You are viewing a plain text version of this content. The canonical link for it is here.
Posted to dev@forrest.apache.org by je...@apache.org on 2003/01/04 17:48:58 UTC

cvs commit: xml-forrest/src/resources/conf sitemap.xmap

jefft       2003/01/04 08:48:58

  Modified:    src/resources/conf sitemap.xmap
  Log:
  Don't let JTidy munge HTML files by default
  
  Revision  Changes    Path
  1.50      +5 -1      xml-forrest/src/resources/conf/sitemap.xmap
  
  Index: sitemap.xmap
  ===================================================================
  RCS file: /home/cvs/xml-forrest/src/resources/conf/sitemap.xmap,v
  retrieving revision 1.49
  retrieving revision 1.50
  diff -u -r1.49 -r1.50
  --- sitemap.xmap	28 Dec 2002 15:23:46 -0000	1.49
  +++ sitemap.xmap	4 Jan 2003 16:48:58 -0000	1.50
  @@ -370,9 +370,13 @@
       <map:act type="resource-exists">
        <map:parameter name="url" value="content/{1}"/>
   
  -      <map:match pattern="**.html">
  +     <map:match pattern="**.html">
  +       <!--
  +        Use these instead if you want JTidy to clean up your HTML
           <map:generate type="html" src="content/{1}.html"/>      
           <map:serialize type="html"/>
  +        -->
  +        <map:read src="content/{0}" mime-type="text/html"/>
         </map:match>
   
         <map:match pattern="**.xml">
  
  
  

Re: Crawling inadequate (Re: cvs commit: xml-forrest/src/resources/conf sitemap.xmap)
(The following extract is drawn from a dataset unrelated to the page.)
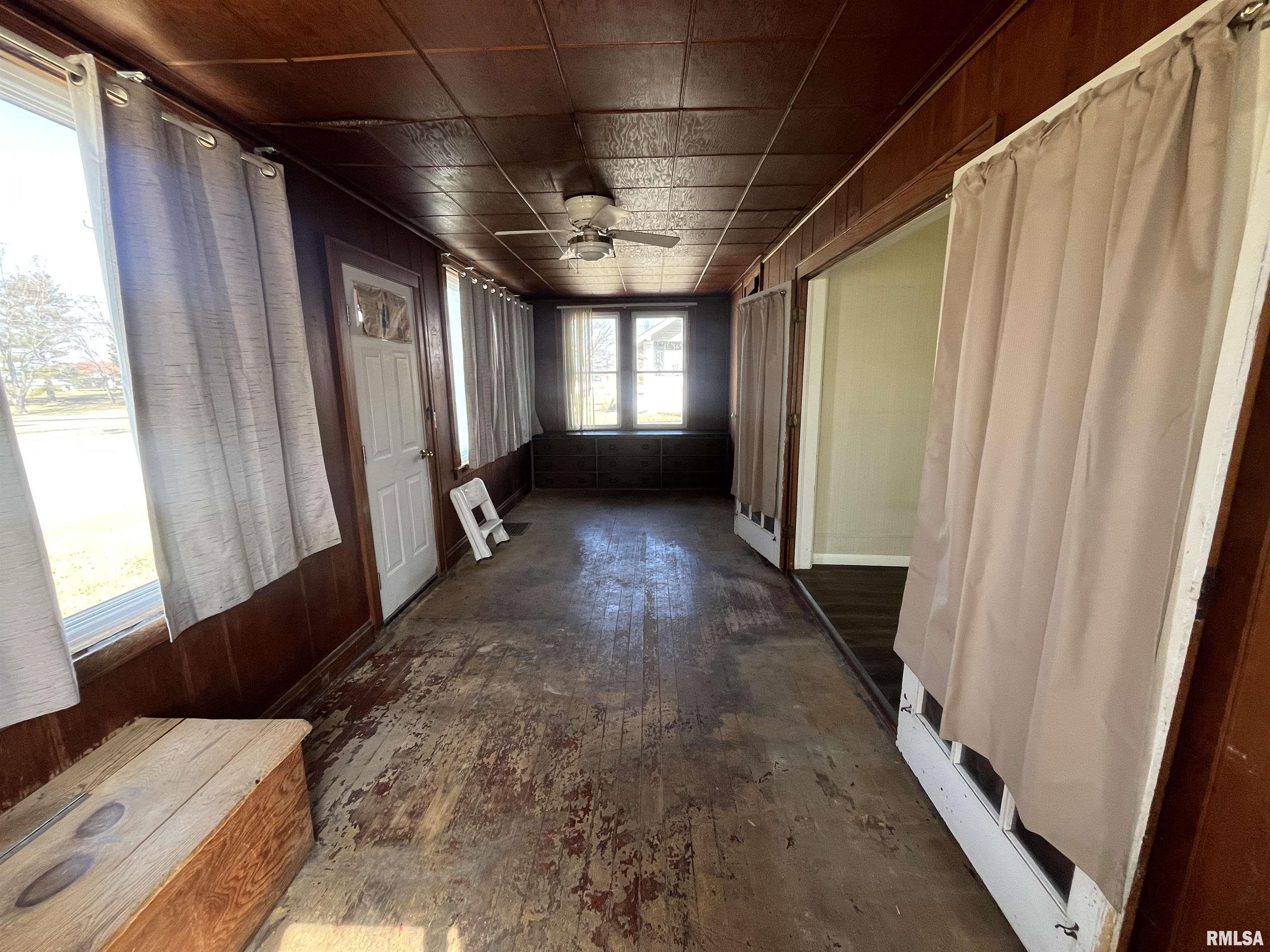 1695 Highway 67 Preemption, IL 61276 - Photo 9 of 39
Posted by Nicola Ken Barozzi <ni...@apache.org>.
Jeff Turner wrote:
> On Sat, Jan 04, 2003 at 10:21:18PM +0100, Nicola Ken Barozzi wrote:
> 
>>I'd prefer if this is reverted, since it breaks the link crawling in 
>>html files.
> 
> 
> Reverted..
> 
> 
>>A html file can be given in three ways:
>>
>> 1 - crawled and tidied
>> 2 - read as-is (and not crawled)
>> 3 - included in the page framing
>>
>>Actually these mix concerns, which in fact are:
>>
>> 1a - crawl
>> 2a - don't crawl
>>
>> 1b - passthrough as-is
>> 2b - tidy
>> 3b - include in the page framing
>>
>>
>>For the crawling, I actually don't know what is better to do, nor if it 
>>should be a concern at all. As in the web version all links work, so 
>>should be for the CLI version.
> 
> 
> I think we're between a rock and a hard place here.
> 
> Imagine if we have:
> 
> src/documentation/content/a.pdf
> src/documentation/content/b.pdf
> 
> Where a.pdf has an internal link to b.pdf.  That link is traversable for
> webapp users, but won't be copied by the CLI, unless we implement a PDF
> parser.
> 
> We have the same problem with images specified in CSS.
> 
> Conclusion: crawling is inadequate as a means of discovering the full URI
> space.  Users will always be adding new formats for which we don't have a
> parser.  Even known formats like PDF might be password-protected, and
> therefore unparseable.
> 
> Only solution I see to simply copy src/documentation/content/{* - xdocs}
> across.

Since the rule is: "if it's there verbatim, give as-is", and "user and 
destination URI spaces should match as possible", this is doable correct.

> It would immediately solve 3 problems:
> 
>  - Images in CSS would work
>  - HTML wouldn't be munged by JTidy
>  - Javadocs wouldn't be copied one by one

Yes. Crawling is stupid for non-Cocoon generated resources. Having them 
necessarily re-generated by Cocoon just to be crawled is not nice nore 
practical.

> Two ways this could be implemented:
> 
> 1) The Right Way
> 
>  In the CLI, 'invert' the sitemap, discover all non-XML (unparseable)
>  files in src/documentation/content/, and copy them across.
> 
> 2) The Quick Way
> 
>  Since we know that only content/xdocs contains parseable sources, simply
>  copy everything else across with Ant.  Can be implemented with 5 lines
>  in forrest.build.xml
> 
> Any other ways?

go for 2) as a temporary solution.

Note that this has nothing to do with "site:", as I've tried to explain.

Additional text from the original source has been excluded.